Hamilton now leads the Drivers' Championship by 67 points and could win his fifth world title at the next round of the the championship, the United States Grand Prix at the Circuit of the Americas, in two weeks time.
6 things we learnt at the Japanese Grand Prix
1. Honda shows promise
At Suzuka, Honda raced their 2018 spec-3 engine for the first time. This had more significance than the average upgrade given that it's the last chance Honda have to demonstrate an improvement before their engines go into the back of a Red Bull Racing RB15 next year.

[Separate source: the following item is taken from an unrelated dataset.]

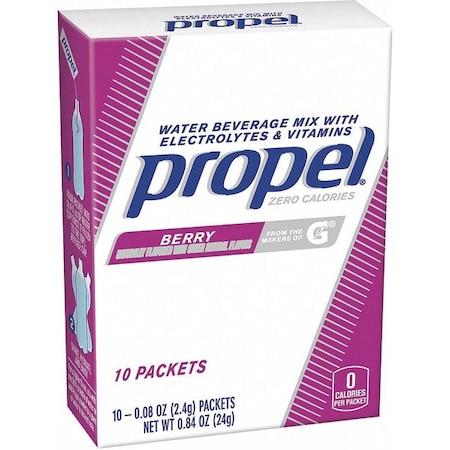 Propel Beverage Powder Mix with Electrolytes 16 oz., Berry, Pk10 01087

2. Daniel Ricciardo doesn't do Saturday
Daniel Ricciardo is enduring a torrid time on Saturdays at the moment, failing to make it into the Q3 qualifying session for the fifth time in the last seven races. In Hungary he suffered the bad luck of a yellow flag during the chaos of a wet session, which cancelled out his only chance of setting a decent time, but the other four no-shows have all been engine-related. He took penalties for new Renault power unit components in Germany, Italy and Russia, consigning him to the back of the grid and thus obliging him to do no more than have a 107% trundle in Q1.

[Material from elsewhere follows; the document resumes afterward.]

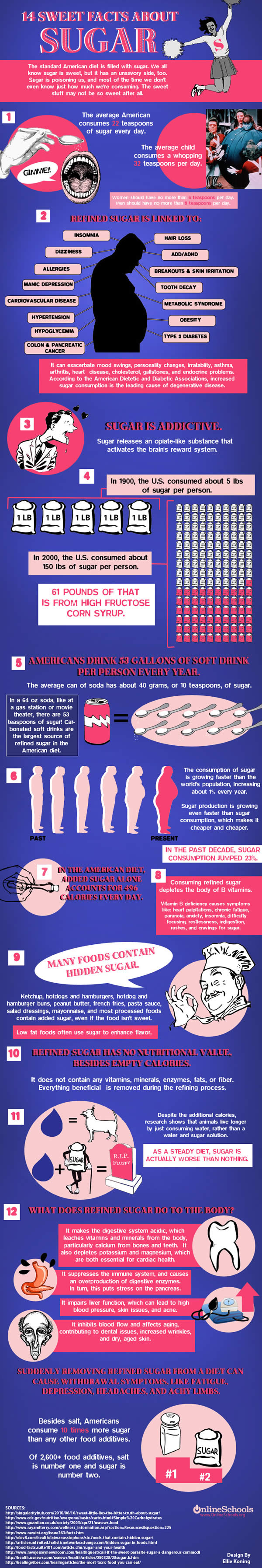Sugar Facts - Unkown but not Hidden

In Japan, Ricciardo had the misfortune of a broken throttle actuator in Q1. Red Bull Racing team principal Christian Horner was suitably scathing of the team's engine partner, saying failures of that kind "shouldn't happen at this level". Ricciardo opted to keep his own council. He's off to Renault next year and that isn't a bridge he can particularly afford to burn.

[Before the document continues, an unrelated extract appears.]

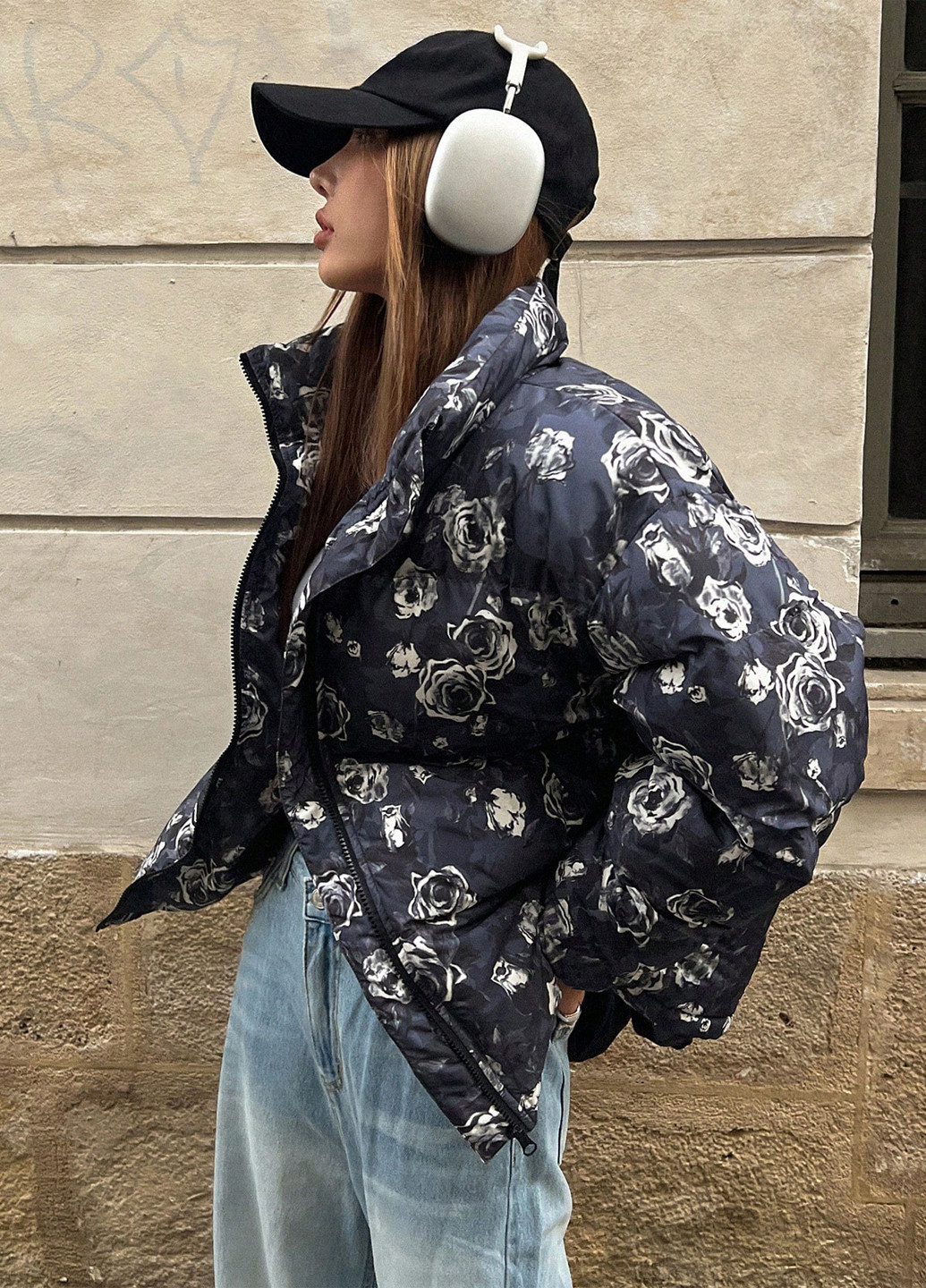 Темно-сіра зимня куртка SHEIN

3. Pole number 80 for Hamilton
Lewis Hamilton took his 80th pole position at Suzuka. He's already far and away F1's most successful Saturday driver. He took 26 poles during his six years with McLaren and has been remorseless in racking up the numbers at Mercedes. He's also improving his win percentage and is currently fifth on the all-time list, having taken pole in 35.56% of his races. At his current rate, Hamilton has Senna, Ascari, Clark and Fangio in his sights. That's not bad company to be in.
4. Hamilton can now win the title in Austin
Sebastian Vettel's eventful Suzuka weekend now leaves him 67 points adrift of Lewis Hamilton in the race for the Drivers' Championship, with 100 points left on the board. Mathematically, Hamilton needs to outscore Vettel by seven points to take the title at the US Grand Prix at Circuit of the Americas. In real terms, if Mercedes can take another 1–2 with Hamilton in front, the title is his. Ferrari opted to not have their drivers swap positions at Suzuka, suggesting they've already given up the battle.
5. Ricciardo is driver of the day
F1 fans voted Daniel Ricciardo their driver of the day at Suzuka, as the Australian carved his way through the field from 15th on the grid to fourth at the finish. Suzuka is much narrower than the average race track and a difficult place to overtake, but Ricciardo picked his moments well and turned his qualifying disappointment into a strategic advantage. Having not made it into Q3, he had a choice of starting tyre and chose to ignore the supersoft rubber, starting on the soft tyre and finishing the race on the durable medium compound.
As had been the case in Sochi, the pace advantage of the top three teams puts them in a different race to everybody else, and Ricciardo would have been expected to clear everybody up to P6. With Vettel out of the running, that became P5, but a terrific sequence of laps leading up to his mandatory pitstop gave him enough margin to clear Kimi Räikkönen's Ferrari as well.
6. Max the Ferrari Slayer
The crew of car #33 will have plenty of red paint to scrap off the right-hand sidepod after Suzuka, as Max Verstappen managed to tangle with both Ferraris in the opening exchanges. He hit Kimi Räikkönen first, overcooking the chicane and coming back onto the racing line in the Finn's path, for which he received a five seconds penalty. In his usual blunt fashion, the Dutchman labelled the stewards' decision "Stupid."
Shortly afterwards, he was nerfed by Vettel at the Spoon, as the German attempted a move down the inside at the high-speed double-apex corner While the impact pushed Verstappen wide, Spoon has plenty of run-off and he was able to get good traction and keep his place. Vettel paid the price for his ambition and was left facing the wrong way, subsequently re-joining at the back of the field, undoing the good work he'd done to rise from eighth on the grid.